When I start reading something
by William Styron, I am stricken with the same surprised amazement I feel when
I encounter writing by Philip Roth or Don DeLillo or Joan Didion or William
Faulkner. The shock of style, of a
distinctive, idiosyncratic, enveloping style of writing that invests the
meaning and events of the piece with significance, artistry, and the author’s personality. This is the feeling that came to me in the
first few paragraphs of Styron’s short novel The Long March (1956).
The novel begins in a North
Carolina military encampment of Marine reservists who have been called up for
duty seven years after the end of World War II.
The Korean War is the reason they’ve been mustered. Two major events
stand at the center of the novel: an accidental pair of explosions that kill
eight reservists and a 36-mile march called for by a colonel who wants to
enforce the rigor of his reservist Marines.
Most of the reservists have been called to duty from the middle of their
domestic lives, they’re approaching middle age, they have families and jobs,
and their plans don’t include a return to service.

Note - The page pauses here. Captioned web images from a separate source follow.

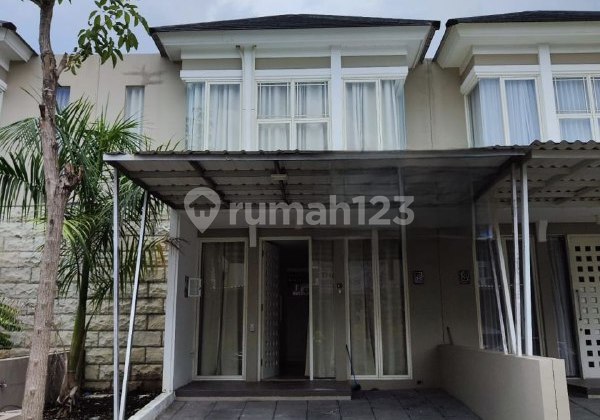 DIJUAL SEGERA BUYER KPR KETOLAK GREENLAKE WIYUNG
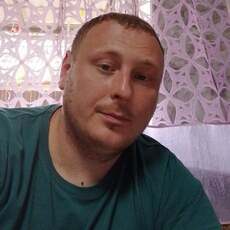 Фотография мужчины Саша, 32 года из г. Кореновск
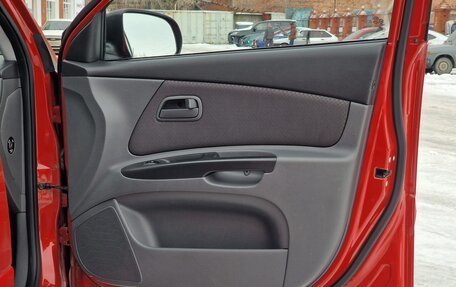 KIA Rio II, 2010 год, 680 000 рублей, 18 фотография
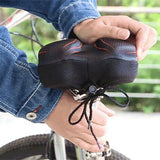 bike seat cover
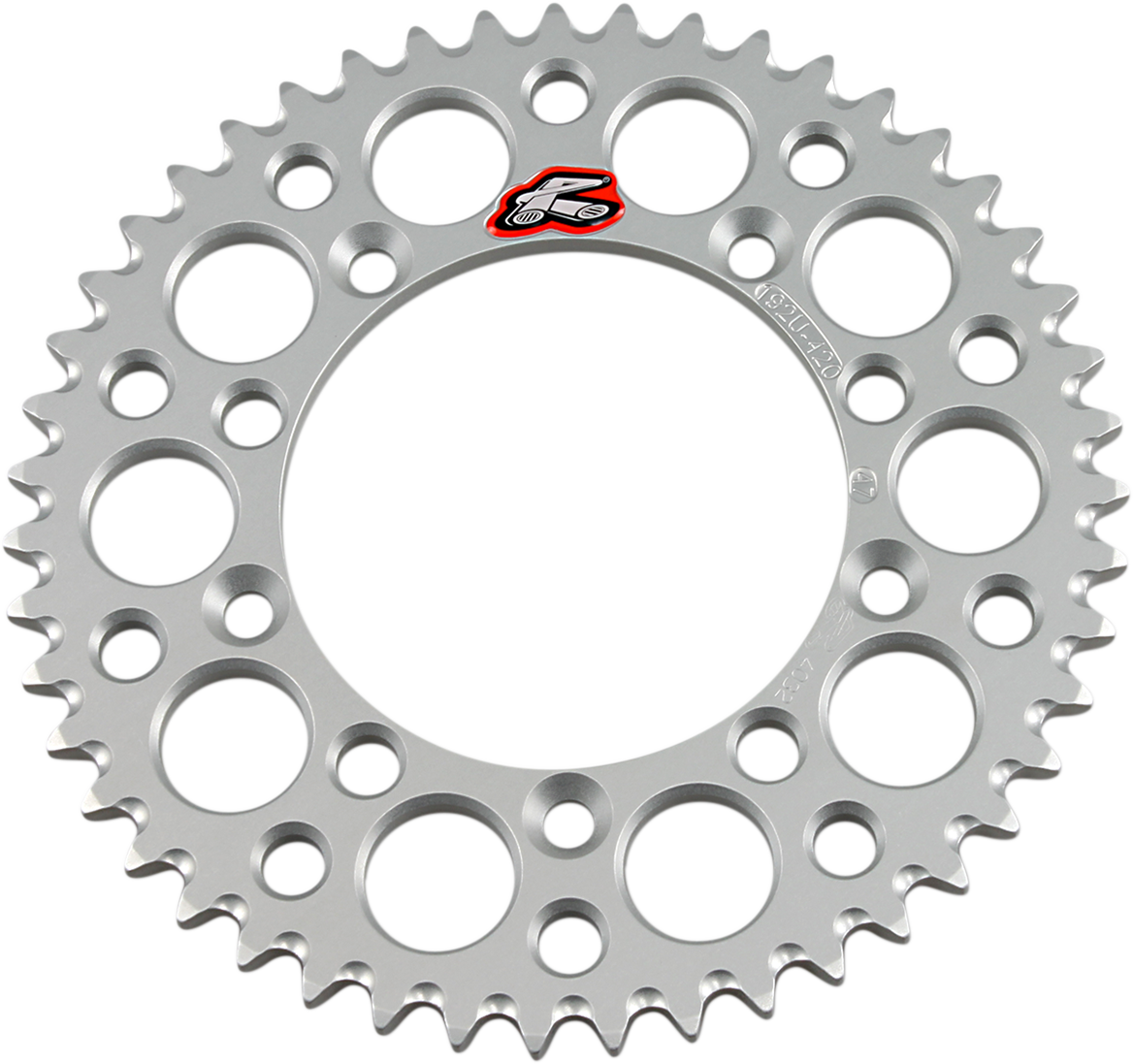 Renthal Ultralight Rear Sprocket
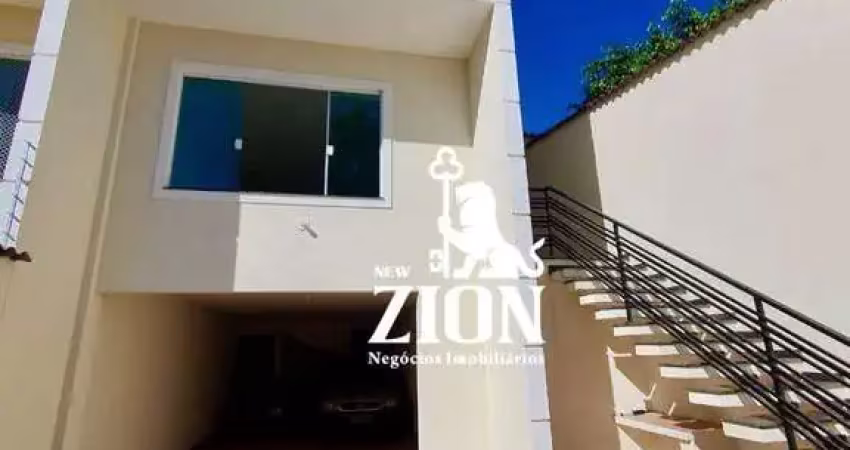 Sobrado com 3 dormitórios à venda, 200 m² por r$ 880.000,00 - jardim virginia bianca - são paulo/sp
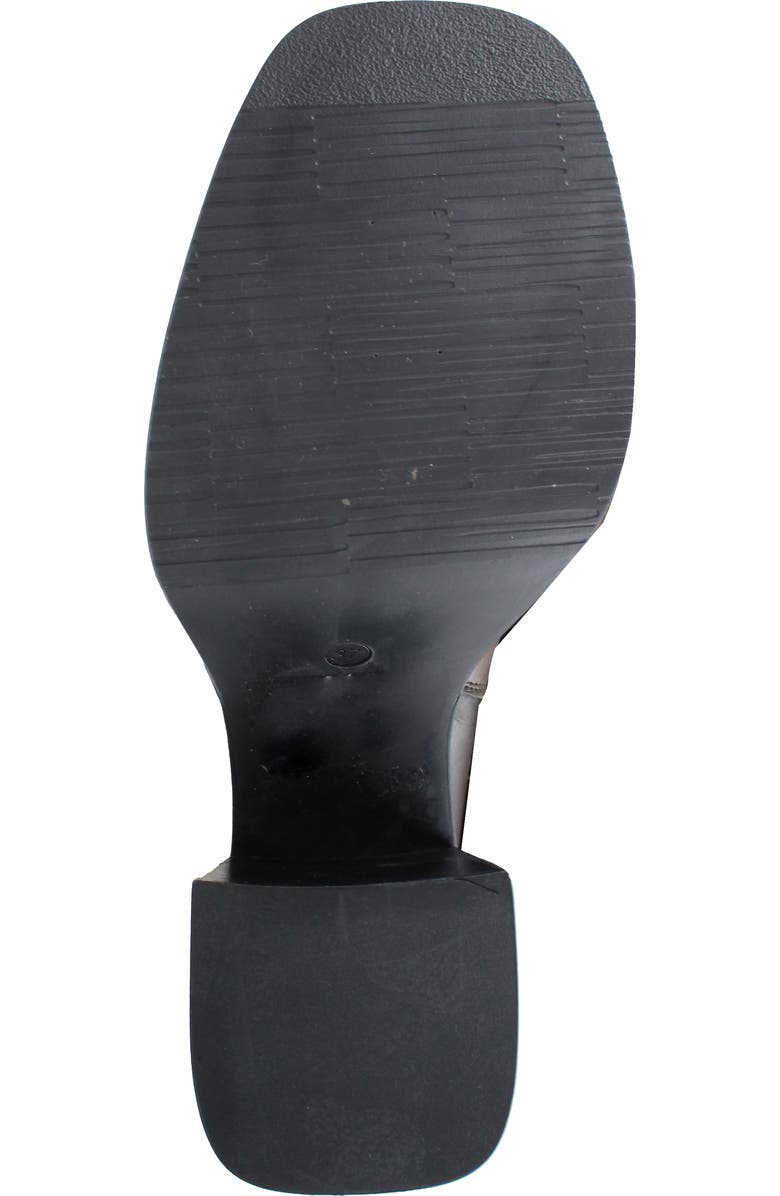 ZIGI Dakota Chelsea Boot, Alternate, color, Black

The main character is a Marine
captain named Culver and another captain named Mannix whom he’s become friends
with in their six weeks of reserve duty. One point of the novel is to consider skeptically
how Marines are always supposed to be Marines, even if they have been
decommissioned for seven years. When
called to duty from private lives where they were free to set their own course,
they are now expected to submit to authority and accept their place as integers
in a complex equation of soldiers and machines and military hierarchies.
Culver and Mannix see themselves
as individuals. They chafe in different ways against the reimposition of
authority. Culver comes to realize that
to the colonel in command the reservists are just cogs in a machine. The men who died in the explosions were
unfortunate casualties. What is
important to the colonel is his ability to impose his will, to burnish his
reputation, to display his ability to move large groups of men in one direction
or another, in a grueling and pointless march.
Their individual lives are of no importance.